Co ważne, cylindry SodaStream przechodzą potrójną kontrolę jakości przed ponownym trafieniem do obrotu, więc ich przechowywanie i użytkowanie jest całkowicie bezpieczne. Zostały wyposażone w specjalny zawór bezpieczeństwa, który uwalnia gaz w sposób kontrolowany, nawet, kiedy ciśnienie w butli wzrośnie powyżej wartości progowych. Należy pamiętać, co oczywiste, by przechowywać je w chłodnym i suchym miejscu, z dala od działania wysokiej temperatury i światła słonecznego.
Werdykt – SodaStream zostaje ze mną
Do testów podchodziłem z nieukrywanym entuzjazmem i codzienne korzystanie z SodaStream mnie nie rozczarowało.

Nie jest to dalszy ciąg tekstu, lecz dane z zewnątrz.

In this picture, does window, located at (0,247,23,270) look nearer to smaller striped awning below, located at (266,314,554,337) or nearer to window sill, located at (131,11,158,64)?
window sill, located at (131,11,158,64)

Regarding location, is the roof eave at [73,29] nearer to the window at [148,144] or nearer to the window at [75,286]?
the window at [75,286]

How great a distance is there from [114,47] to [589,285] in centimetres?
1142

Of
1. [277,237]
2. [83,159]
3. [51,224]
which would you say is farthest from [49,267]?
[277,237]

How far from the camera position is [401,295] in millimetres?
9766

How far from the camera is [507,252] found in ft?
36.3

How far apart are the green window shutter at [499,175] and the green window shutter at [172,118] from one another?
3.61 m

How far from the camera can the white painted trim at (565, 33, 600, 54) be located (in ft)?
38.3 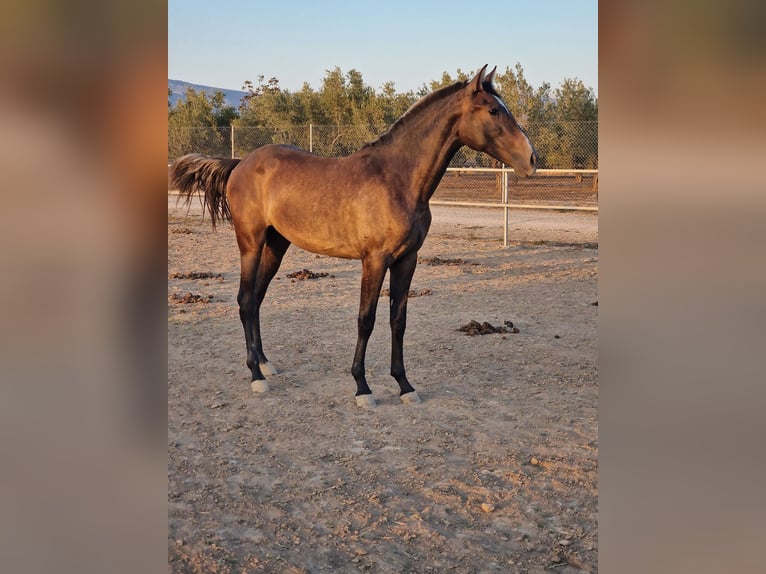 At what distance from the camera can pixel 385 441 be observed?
13.1ft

Urządzenie jest naprawdę proste w obsłudze, wydajne i pozwala na uzyskanie efektów zgodnych z indywidualnymi upodobaniami.
Pomijając kwestie wygody korzystania, SodaStream to oszczędność zarówno dla budżetu, jak i moich pleców: koniec z noszeniem zgrzewek wody i ciągłym chodzeniem do śmietnika z workami pełnymi plastiku. Jestem urządzeniem zachwycony i na pewno zostanie ono ze mną na długo.

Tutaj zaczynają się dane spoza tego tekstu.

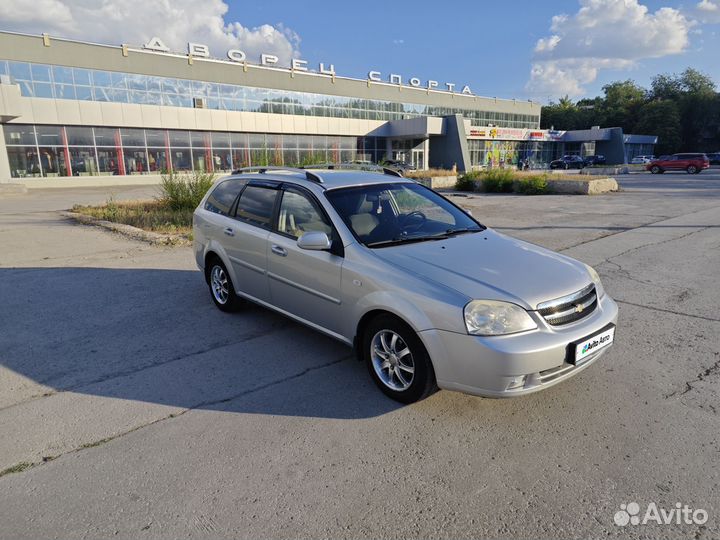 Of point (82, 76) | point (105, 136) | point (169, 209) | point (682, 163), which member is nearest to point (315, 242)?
point (169, 209)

Na marginesie, jeśli dla kogoś jest to równie ważne jak dla mnie, podaję za stroną producenta: do 2030 roku firma ma opierać się wyłącznie na odnawialnych źródłach energii. By to osiągnąć, w ciągu ostatniego roku fabryki SodaStream pięciokrotnie zwiększyły ilość energii uzyskiwaną z paneli słonecznych. By zbliżyć się do celów neutralności klimatycznej materiały służące do pakowanie saturatorów są wytwarzane w niemal w całości (nie mniej niż 85%) z materiałów wtórnych.
W 2023 roku same urządzenia mają być produkowane wyłącznie z recyklingowego plastiku.
Zmiany w polityce firmy dotyczą także dystrybucji oraz całego cyklu życia produktów. Transport urządzeń SodaStream odbywa się głównie drogą morską. By skrócić dystans od fabryki do konsumentów, firma otworzyła fabrykę w Holandii, a także szereg stacji do ponownego napełniania butli dwutlenkiem węgla. W planach są także kolejne inwestycje ograniczające, emisję gazów cieplarnianych związaną z logistyką.